Des avions de chasse pour l’Ukraine, une demande complexe à satisfaire
« Des ailes pour la liberté »: de Londres à Bruxelles en passant par Paris, le président ukrainien Volodymyr Zelensky a pressé ses alliés de lui livrer des avions de chasse modernes pour combattre la Russie, en offrant soit un casque soit un débris d’avion de combat Sukhoï Su-25 à ses hôtes. Mais cette requête est complexe à satisfaire rapidement et tous les modèles d’appareils ne seraient pas adaptés.
Plus tôt l’Ukraine obtient de l’armement lourd de longue portée, plus tôt nos pilotes obtiennent des avions, plus vite se terminera cette agression russe », a martelé mercredi M. Zelensky à l’Elysée. Il a formulé cette même demande un peu plus tôt au Royaume-Uni, avant de solliciter jeudi le Parlement européen et les dirigeants des Vingt-Sept.

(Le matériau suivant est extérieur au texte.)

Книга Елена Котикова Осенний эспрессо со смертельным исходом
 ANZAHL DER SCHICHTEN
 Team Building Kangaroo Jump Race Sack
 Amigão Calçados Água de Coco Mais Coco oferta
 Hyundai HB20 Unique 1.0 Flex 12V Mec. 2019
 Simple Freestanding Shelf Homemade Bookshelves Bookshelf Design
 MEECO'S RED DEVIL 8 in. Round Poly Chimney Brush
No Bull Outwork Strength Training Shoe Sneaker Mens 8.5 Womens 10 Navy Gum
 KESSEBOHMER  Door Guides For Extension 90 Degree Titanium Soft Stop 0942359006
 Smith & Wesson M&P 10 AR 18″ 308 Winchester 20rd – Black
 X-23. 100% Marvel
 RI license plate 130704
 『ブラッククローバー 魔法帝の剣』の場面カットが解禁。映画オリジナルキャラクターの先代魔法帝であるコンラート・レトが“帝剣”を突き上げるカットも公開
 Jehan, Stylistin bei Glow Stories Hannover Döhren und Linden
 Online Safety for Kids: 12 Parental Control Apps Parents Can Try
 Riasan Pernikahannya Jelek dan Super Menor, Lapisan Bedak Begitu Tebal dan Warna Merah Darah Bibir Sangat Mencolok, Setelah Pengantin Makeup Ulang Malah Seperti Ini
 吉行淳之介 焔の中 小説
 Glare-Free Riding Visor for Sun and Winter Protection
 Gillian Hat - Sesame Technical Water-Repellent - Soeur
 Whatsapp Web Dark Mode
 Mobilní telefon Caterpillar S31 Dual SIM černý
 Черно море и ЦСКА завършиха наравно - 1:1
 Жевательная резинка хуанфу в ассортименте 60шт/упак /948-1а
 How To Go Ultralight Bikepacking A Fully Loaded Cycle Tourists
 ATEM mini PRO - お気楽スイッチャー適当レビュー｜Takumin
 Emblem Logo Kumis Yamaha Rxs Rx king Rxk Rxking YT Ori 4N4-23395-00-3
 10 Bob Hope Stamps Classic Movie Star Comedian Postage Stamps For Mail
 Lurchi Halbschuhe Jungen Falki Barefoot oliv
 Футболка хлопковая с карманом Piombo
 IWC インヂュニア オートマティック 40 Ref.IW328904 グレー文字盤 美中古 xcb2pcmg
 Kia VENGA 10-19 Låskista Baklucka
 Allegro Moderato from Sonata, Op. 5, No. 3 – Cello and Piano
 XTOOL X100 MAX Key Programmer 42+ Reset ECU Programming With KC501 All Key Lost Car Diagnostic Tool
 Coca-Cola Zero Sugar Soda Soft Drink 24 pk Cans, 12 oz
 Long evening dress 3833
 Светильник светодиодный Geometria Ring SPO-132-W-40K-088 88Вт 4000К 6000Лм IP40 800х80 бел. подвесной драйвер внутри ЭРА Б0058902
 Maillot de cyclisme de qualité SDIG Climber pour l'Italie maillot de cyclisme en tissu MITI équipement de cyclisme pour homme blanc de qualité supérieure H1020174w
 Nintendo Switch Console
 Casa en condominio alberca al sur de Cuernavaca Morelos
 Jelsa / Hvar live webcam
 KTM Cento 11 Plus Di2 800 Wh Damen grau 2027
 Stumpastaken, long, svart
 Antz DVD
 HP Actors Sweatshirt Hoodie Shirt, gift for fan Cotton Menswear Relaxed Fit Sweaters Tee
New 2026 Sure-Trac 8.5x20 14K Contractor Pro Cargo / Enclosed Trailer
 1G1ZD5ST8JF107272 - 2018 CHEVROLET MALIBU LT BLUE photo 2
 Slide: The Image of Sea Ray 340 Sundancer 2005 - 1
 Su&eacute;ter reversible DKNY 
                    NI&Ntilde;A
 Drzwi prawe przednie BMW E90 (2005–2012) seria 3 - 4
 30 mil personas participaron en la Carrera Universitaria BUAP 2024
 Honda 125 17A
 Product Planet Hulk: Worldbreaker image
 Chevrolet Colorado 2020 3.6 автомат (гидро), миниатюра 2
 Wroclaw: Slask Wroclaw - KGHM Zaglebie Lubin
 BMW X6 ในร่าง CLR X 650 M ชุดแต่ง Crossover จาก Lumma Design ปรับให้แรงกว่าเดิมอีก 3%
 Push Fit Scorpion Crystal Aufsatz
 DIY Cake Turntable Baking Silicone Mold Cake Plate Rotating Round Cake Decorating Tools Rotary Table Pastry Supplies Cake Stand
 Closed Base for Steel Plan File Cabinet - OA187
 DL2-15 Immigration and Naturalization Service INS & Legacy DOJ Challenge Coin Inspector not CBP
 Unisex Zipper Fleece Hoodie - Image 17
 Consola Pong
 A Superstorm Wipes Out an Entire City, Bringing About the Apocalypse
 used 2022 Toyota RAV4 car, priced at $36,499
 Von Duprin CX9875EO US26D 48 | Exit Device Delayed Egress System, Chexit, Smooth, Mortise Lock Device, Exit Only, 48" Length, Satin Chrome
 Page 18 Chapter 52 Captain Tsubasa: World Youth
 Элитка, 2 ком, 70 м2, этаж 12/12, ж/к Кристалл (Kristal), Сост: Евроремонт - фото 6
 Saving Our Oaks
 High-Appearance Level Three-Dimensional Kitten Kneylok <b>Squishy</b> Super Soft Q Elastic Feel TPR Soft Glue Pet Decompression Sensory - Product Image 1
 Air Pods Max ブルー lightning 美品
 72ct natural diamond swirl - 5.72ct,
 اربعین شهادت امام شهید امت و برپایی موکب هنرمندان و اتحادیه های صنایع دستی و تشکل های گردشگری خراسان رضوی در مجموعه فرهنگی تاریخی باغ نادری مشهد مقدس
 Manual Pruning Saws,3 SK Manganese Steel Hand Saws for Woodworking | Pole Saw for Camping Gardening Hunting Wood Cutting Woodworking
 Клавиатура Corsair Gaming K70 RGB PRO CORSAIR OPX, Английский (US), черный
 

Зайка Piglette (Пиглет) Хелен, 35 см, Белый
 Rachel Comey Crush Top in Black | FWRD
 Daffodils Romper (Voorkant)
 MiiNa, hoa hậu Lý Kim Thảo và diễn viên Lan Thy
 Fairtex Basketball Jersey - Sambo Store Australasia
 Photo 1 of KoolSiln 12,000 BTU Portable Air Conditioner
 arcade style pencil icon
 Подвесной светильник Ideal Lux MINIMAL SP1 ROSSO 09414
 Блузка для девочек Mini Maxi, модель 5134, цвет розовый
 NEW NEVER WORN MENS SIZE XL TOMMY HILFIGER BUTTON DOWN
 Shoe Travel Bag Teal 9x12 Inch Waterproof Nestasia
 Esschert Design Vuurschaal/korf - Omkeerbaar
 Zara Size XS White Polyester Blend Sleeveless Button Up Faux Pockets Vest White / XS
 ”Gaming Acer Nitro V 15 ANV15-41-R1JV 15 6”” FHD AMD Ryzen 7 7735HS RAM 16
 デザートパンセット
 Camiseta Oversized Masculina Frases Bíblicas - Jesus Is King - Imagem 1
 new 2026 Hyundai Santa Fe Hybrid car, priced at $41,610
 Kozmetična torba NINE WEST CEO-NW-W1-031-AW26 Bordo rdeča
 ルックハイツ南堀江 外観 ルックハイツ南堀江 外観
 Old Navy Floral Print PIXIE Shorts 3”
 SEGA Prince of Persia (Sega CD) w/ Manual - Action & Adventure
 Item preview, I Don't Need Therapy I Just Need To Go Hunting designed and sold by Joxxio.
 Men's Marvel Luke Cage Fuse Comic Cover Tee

Le temps presse pour Kiev à l’heure où « les forces russes ont repris l’initiative et ont débuté leur prochaine grande offensive dans la région de Lougansk », dans l’est du pays, selon l’Institut américain pour l’étude de la guerre (ISW).
Jusqu’ici, les Occidentaux se sont montrés réticents à livrer des avions de combat, de crainte d’une escalade avec Moscou. Mais les tabous tombent les uns après les autres depuis un an. Les soutiens de Kiev ont fini par accepter en janvier de fournir des chars lourds.
Pour l’heure, Washington exclut de fournir à l’Ukraine des F-16 du fabricant Lockheed Martin, l’un des chasseurs les plus produits au monde dont disposent de nombreux pays européens. Les Pays-Bas n’excluent pas en revanche de céder certains de leurs F-16, qui doivent être remplacés par des F-35.
« Notre pays a vraiment besoin de ses avions de chasse (des F-16 arrivant en fin de vie, ndlr), nous ne pouvons pas nous en passer. Ils sont utilisés pour défendre l’OTAN, on le fait depuis des années dans les États baltes et ils sont appréciés pour cela », a déclaré jeudi le Premier ministre belge Alexander De Croo, en marge d’un sommet européen, ajoutant que ces avions défendaient aussi les espaces aériens de la Belgique et des Pays-Bas.
Et d’autres partenaires de Kiev semblent infléchir leur position. Après avoir exclu en janvier de livrer des Eurofighter Typhoon ou des F-35, le chef du gouvernement britannique a promis de former des pilotes de chasse ukrainiens « aux normes de l’Otan ». Il a aussi demandé à l’armée d’étudier de possibles livraisons d’avions, tout en prévenant qu’il ne pouvait s’agir que d’une option « à long terme ».
Le président français Emmanuel Macron assure lui que « rien n’est exclu ». La France dispose de 13 Mirage 2000-C qui ont été retirés du service il y a quelques mois et qui « ont encore un peu de potentiel », souligne-t-on dans l’entourage du chef d’état-major de l’armée de l’Air française.
Toutefois, il faudrait du temps pour les remettre en condition et consacrer plusieurs mois à la formation des pilotes ukrainiens, dont la flotte est exclusivement composée de Mig et Sukhoï soviétiques. Sur les avions de combat modernes, le temps de formation typique est de 6 mois pour un pilote expérimenté, un délai qu’il est envisageable de contracter à 3 mois mais guère moins.
De l’avis des experts, les avions de chasse occidentaux permettraient de frapper dans la profondeur les troupes russes et de dissuader les bombardiers russes de pilonner le territoire ukrainien. Mais ils ne constitueraient pas à eux seuls la solution militaire miracle et tous ne seraient pas adaptés au théâtre ukrainien.
« Le Typhoon et le F-16 ne sont pas adaptés aux bases aériennes rudimentaires utilisées par les Ukrainiens pour éviter d’attirer les frappes de missiles russes », souligne Justin Bronk, expert militaire au centre de recherche britannique RUSI.
Ainsi, un don de Typhoon serait « presque purement symbolique et ne servirait pas les intérêts de l’armée de l’air ukrainienne », estime-t-il sur Twitter. « Mais cela peut valoir le coup si cela permet politiquement à la Suède de fournir des Gripen ou à d’autres pays de donner des F-18″, ces deux avions étant capables d’opérer depuis des bases rustiques, avec une faible empreinte logistique.
Moscou, de son côté, agite le chiffon rouge pour tenter de dissuader les Occidentaux de franchir le pas de l’aviation de combat. « Dans un tel scénario, la moisson sanglante du prochain cycle d’escalade sera sur votre conscience, ainsi que les conséquences militaires et politiques pour le continent européen et le monde entier », a averti mercredi l’ambassade de Russie au Royaume-Uni.